Artikel 19a Werknemers

Onverminderd het bepaalde in de artikelen H.5 en H.6 van de CAP is deze regeling van toepas­sing op de werknemer, voor zover daarvoor naar het oordeel van Gedeputeerde Staten termen bestaan.

Paragraaf 10 Overgangs- en slotbepalingen

Artikel 20 Uitlooptoelage

1. De ambtenaar die op 1 augustus 2013 recht heeft op een uitloopschaal of uitloopperiodiek, ontvangt een uitlooptoelage ter hoogte van het verschil tussen het maximum van zijn salaris­schaal en het salaris dat hij krijgt na toepassing van de uitloopschaal of uitloopperiodiek.

2. De uitlooptoelage zoals bedoeld in het vorige lid, wordt als salaris aangemerkt.

3. In gevallen waarin de ambtenaar wordt geplaatst in een functie waaraan een andere sala­ris­schaal is verbonden, geldt voor de bepaling van zijn salaris hetgeen is bepaald in artikel C.6 van de CAP.
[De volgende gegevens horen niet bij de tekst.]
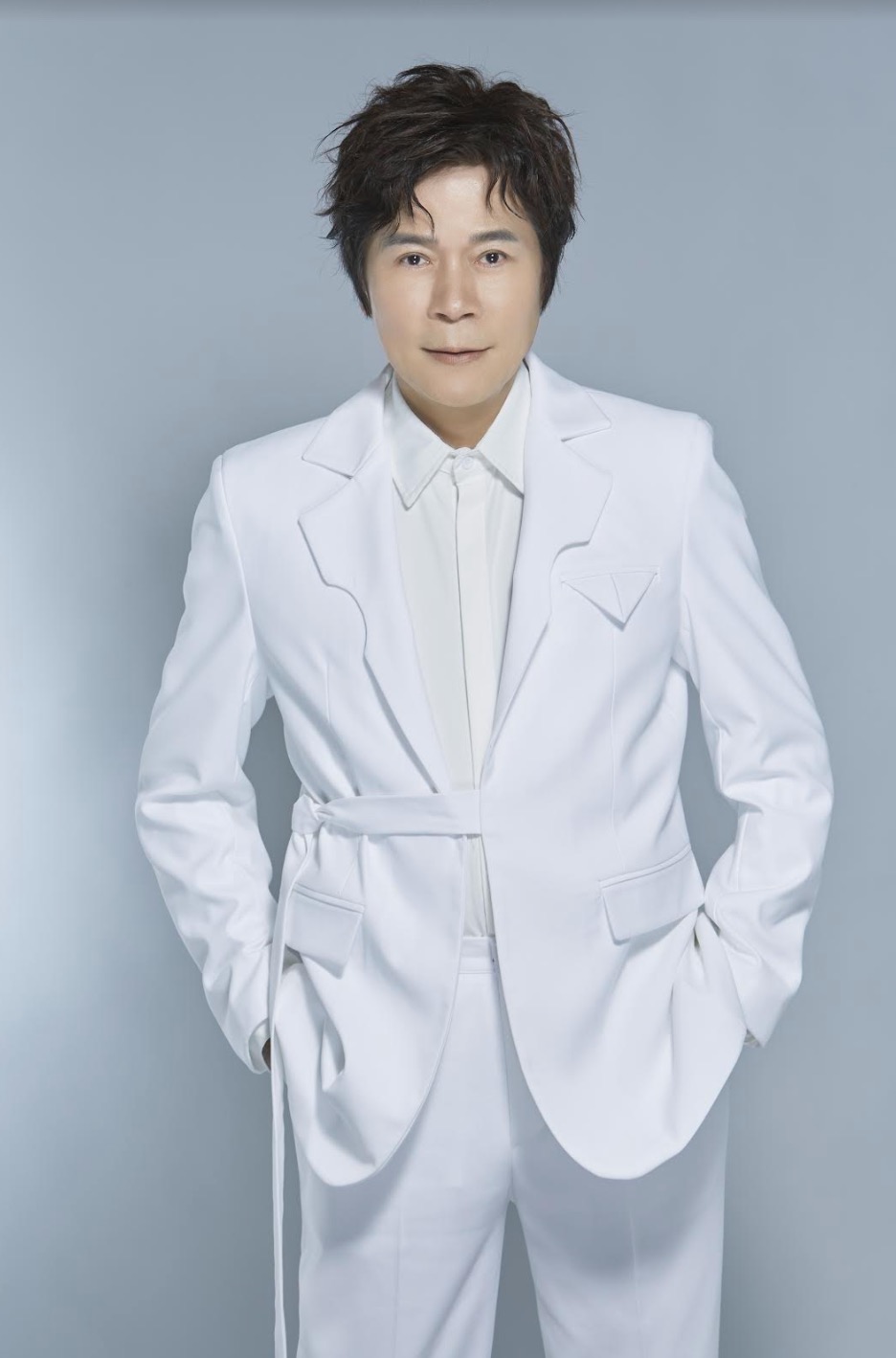 《2024真愛秀.藍寶石大歌廳》再添金!金曲歌王洪榮宏二度登高流大歌廳成重量級彩蛋重現秀場天王風範!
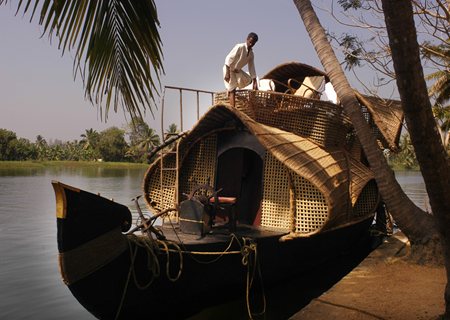  Kerala is a gorgeous dark-green nation situated on the shore of Arabian Sea Place to visit in India: Sailing inwards the Beautiful Land of Kerala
4. In gevallen waarin de medewerker, die recht heeft op de in het eerste lid bedoelde toelage, wordt geplaatst in een functie waaraan een hogere schaal is verbonden wordt de toelage ingepast in de nieuwe salarisschaal. Daarmee vervalt de toelage.

Artikel 21

Vervallen.

Artikel 22 Overgangsregeling

Voor de ambtenaar die vóór 20 juni 1990 aanspraak of uitzicht had op het maximumsalaris van salarisschaal 8 blijft dat maximumsalaris gehandhaafd op het in bijlage 2 van deze verordening genoemde bedrag.

Artikel 23

De bedragen vermeld in deze uitvoeringsregeling worden aangepast bij algemene salaris­maat­regel.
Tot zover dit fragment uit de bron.